This is one of the most startling single verses in the Targum. Pseudo-Jonathan on Genesis 24:55 tells us what happened while everyone was still talking. Bethuel, the father of Rivekah, ate from that same prepared dish — the one he had poisoned for Eliezer — and in the morning the household found him dead.
Read it slowly. The plain Torah text simply says the brother and mother asked Eliezer to let Rivekah stay a little longer. The Targum explains why the father is suddenly missing from the conversation. He had sat down to eat, and the food had remembered whom it was meant for.

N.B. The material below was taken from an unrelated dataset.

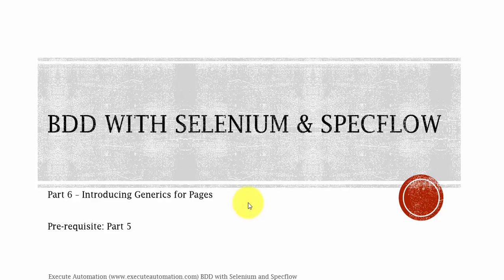Hey, hello guys, this is Karthik from ExitAutomation.com and this is part 6 of our BDD with Selenium and Specflow video series. And in this part, we're going to talk about generics for pages in our BDD with Specflow and Selenium.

The Aramaic tradition is ruthless about this kind of thing. What Proverbs says — "He that diggeth a pit shall fall into it" (Proverbs 26:27) — is not a metaphor at Bethuel's table. It is a menu. The hand that prepared the poison cannot, in the end, distinguish itself from the intended victim.
The brother and the mother adjust quickly. "Let the damsel dwell with us the days of one year or ten months, and then she shall go." A wedding has become a funeral overnight. They are trying to delay. They are trying to keep a daughter close while a house reels.
But Eliezer will refuse the delay in the next verse. His mission was never Bethuel's to extend. The father is gone; the bride's path is open; the servant will not linger while Abraham waits.
The deep lesson: the Accuser's own food feeds the Accuser. When you plot harm under a holy roof, the Torah says, you are preparing your own last supper.